A cross between Japanese sushi and Peruvian ceviche, traditionally poké, pronounced poke-ay, is made up of chunks of raw tuna, salmon and other seafood marinated in soy and sesame and mixed as a free-form salad.
The menu at Klaw Poke will give diners a chance to taste new-school versions of poké serving it atop trendy rice or salad bowls, with a list of tasty topping options that will allow for endless possibilities for flavor and texture combinations – you’ll never have to order the same thing twice.
Rising out of a derelict shop on Capel Street, the new restaurant opened quietly on Friday 19th May and owner Niall Sabongi says they sold out Friday, Saturday and Sunday – a sign that Dubliners are already hooked.
“The reaction has been overwhelmingly positive, and the best thing was that we saw the same people come back twice or three times.”
Over the past two years, Niall, the man behind Klaw in Temple Bar and Rock Lobster fish and steakhouse, has been getting to grips with the Hawaiian delicacy working for short periods at a time in dedicated poké restaurants in London and New York.
On bringing the trend to Dublin Niall says: “Like at Klaw, my vision for Klaw Poké is to make seafood more accessible.”
“It helps that poké is addictively tasty, really clean and healthy, and uses Irish seafood. It ticks all the boxes.”
Customers can build their own poké bowl choosing from a menu that includes:
– Base: Brown rice, quinoa, noodles or kale,
– Protein: Salmon, tuna, octopus, yakitori tofu
– Toppings: Edamame, housemade kimchi, sonomono cucumber salad, a selection of Irish seaweeds, and more
– A Choice of Dressings
Putting as much thought into the veggie option as he does the seafood, the tofu is grilled over a charcoal fire – a technique that Niall says transforms usually bland tofu into something temptingly tasty.
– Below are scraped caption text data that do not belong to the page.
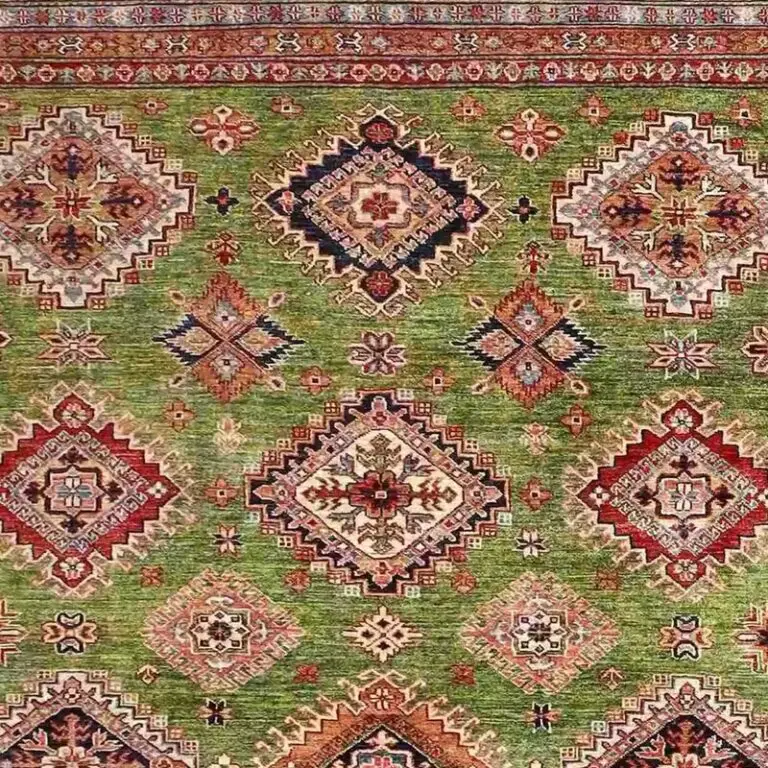 Super Kazak Rug - 325 x 251, green super kazak rug, close-up detail 1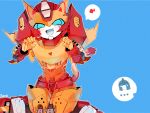 2boys animal_ears autobot blue_background blue_eyes cat_ears cat_tail fang highres kemonomimi_mode looking_at_viewer machine machinery male_focus mecha multiple_boys no_humans open_mouth paw_pose personification robot rodimus sitting tail transformers ultra_magnus 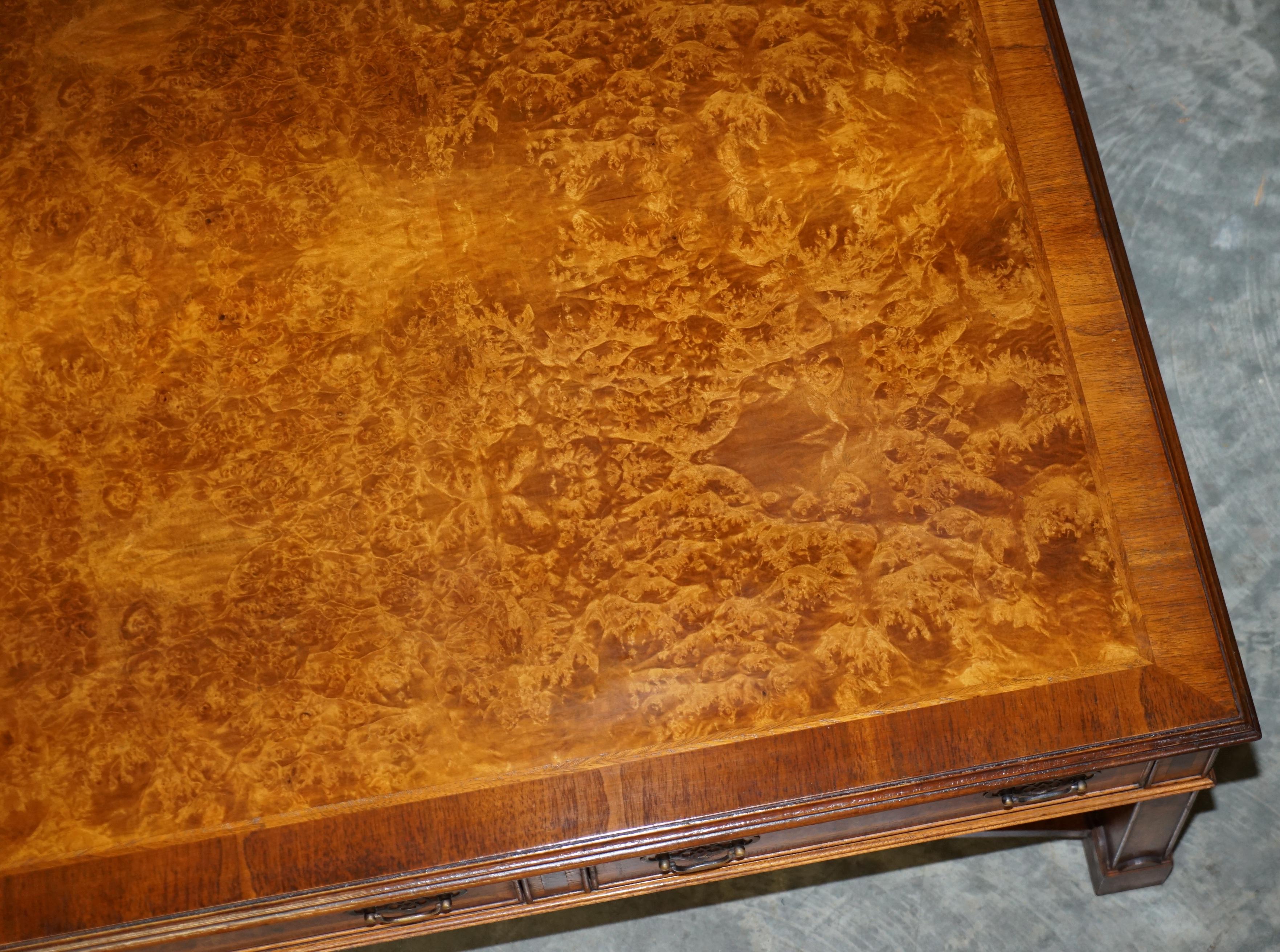 Hand-Crafted Brights of Nettlebed Burr Walnut Restored Large 4 Drawer Coffee Table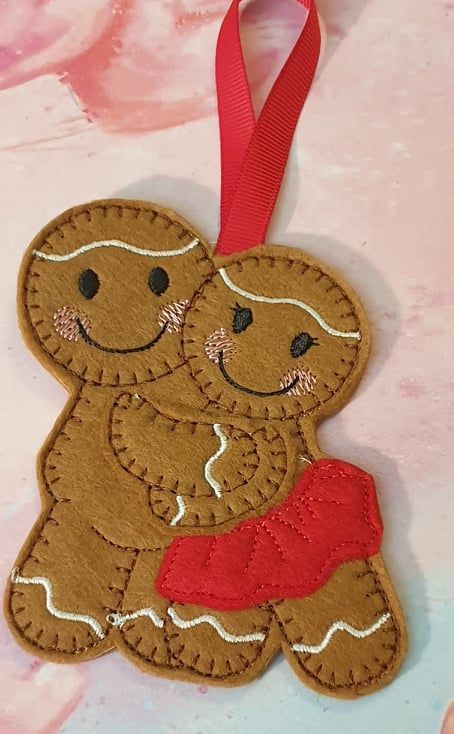 In Love Gingerbread couple Felt Hanging Decoration, Christmas Tree Decoration. Available as Keyring & Fridge Magnet too.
The charcoal grill will also be used to serve another of the new restaurant’s specials, yakitori.
Putting a Klaw twist on the Japanese dish that most popularly comes in the form of skewered chicken, at the restaurant diners can enjoy grilled fish and octopus.
Elsewhere on the menu you’ll spot fish tacos and favourites from Klaw, such as lobster rolls, oysters and krab klaws.
Klaw Poke will be open 8am-9pm Monday to Friday.
At the weekend the eatery is set to become a new go to brunch spot, and will attract late night revelers too opening until 11pm, with the promise of wine in the near future.
As Niall says: “we’re bringing the best from one island nation to our island nation.” Hook, line and sinker – we’re sold.